[Work order] Please repeat the lines below, exactly and only, from the one that holds "Prodám truhlíky české" through the one that holds "Wallpaper Purple flowers, lavender, plant".

____ Information provided

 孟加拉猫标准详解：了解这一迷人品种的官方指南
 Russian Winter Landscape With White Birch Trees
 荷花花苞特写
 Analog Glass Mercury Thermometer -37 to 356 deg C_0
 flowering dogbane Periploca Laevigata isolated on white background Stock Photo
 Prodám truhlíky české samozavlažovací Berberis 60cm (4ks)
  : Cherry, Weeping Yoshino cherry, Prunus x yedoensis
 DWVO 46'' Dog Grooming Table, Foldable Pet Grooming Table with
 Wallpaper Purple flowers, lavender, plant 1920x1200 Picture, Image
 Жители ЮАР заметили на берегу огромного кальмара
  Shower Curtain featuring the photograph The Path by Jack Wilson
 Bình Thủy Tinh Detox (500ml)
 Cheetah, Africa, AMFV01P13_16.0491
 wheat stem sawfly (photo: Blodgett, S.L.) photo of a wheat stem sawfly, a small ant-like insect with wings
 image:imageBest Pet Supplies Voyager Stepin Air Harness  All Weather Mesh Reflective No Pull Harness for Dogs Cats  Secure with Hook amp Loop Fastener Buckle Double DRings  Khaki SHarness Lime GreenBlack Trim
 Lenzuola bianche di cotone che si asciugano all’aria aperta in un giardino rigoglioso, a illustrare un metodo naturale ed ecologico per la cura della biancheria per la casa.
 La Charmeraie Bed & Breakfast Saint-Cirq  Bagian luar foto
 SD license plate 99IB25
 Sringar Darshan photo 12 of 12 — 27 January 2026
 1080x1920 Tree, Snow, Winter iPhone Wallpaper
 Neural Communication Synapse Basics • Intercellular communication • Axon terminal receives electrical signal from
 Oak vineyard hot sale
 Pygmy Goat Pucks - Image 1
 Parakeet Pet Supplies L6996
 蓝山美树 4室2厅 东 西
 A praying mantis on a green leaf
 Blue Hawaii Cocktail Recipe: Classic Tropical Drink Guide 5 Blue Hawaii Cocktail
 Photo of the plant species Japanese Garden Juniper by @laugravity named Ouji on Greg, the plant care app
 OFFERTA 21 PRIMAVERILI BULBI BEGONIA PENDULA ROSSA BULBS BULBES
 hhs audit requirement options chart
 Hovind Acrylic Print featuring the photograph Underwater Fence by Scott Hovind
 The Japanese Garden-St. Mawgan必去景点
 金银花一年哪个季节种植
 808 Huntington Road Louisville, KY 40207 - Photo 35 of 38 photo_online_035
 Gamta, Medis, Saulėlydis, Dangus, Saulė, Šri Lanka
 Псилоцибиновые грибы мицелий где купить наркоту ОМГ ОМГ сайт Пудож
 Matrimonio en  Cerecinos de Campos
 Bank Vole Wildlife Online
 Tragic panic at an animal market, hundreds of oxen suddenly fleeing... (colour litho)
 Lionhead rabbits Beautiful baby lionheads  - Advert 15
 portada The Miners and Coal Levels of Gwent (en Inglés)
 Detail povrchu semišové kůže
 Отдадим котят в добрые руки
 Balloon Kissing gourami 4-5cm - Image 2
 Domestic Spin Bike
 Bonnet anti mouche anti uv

________

[Result of this task]
 Prodám truhlíky české samozavlažovací Berberis 60cm (4ks)
  : Cherry, Weeping Yoshino cherry, Prunus x yedoensis
 DWVO 46'' Dog Grooming Table, Foldable Pet Grooming Table with
 Wallpaper Purple flowers, lavender, plant 1920x1200 Picture, Image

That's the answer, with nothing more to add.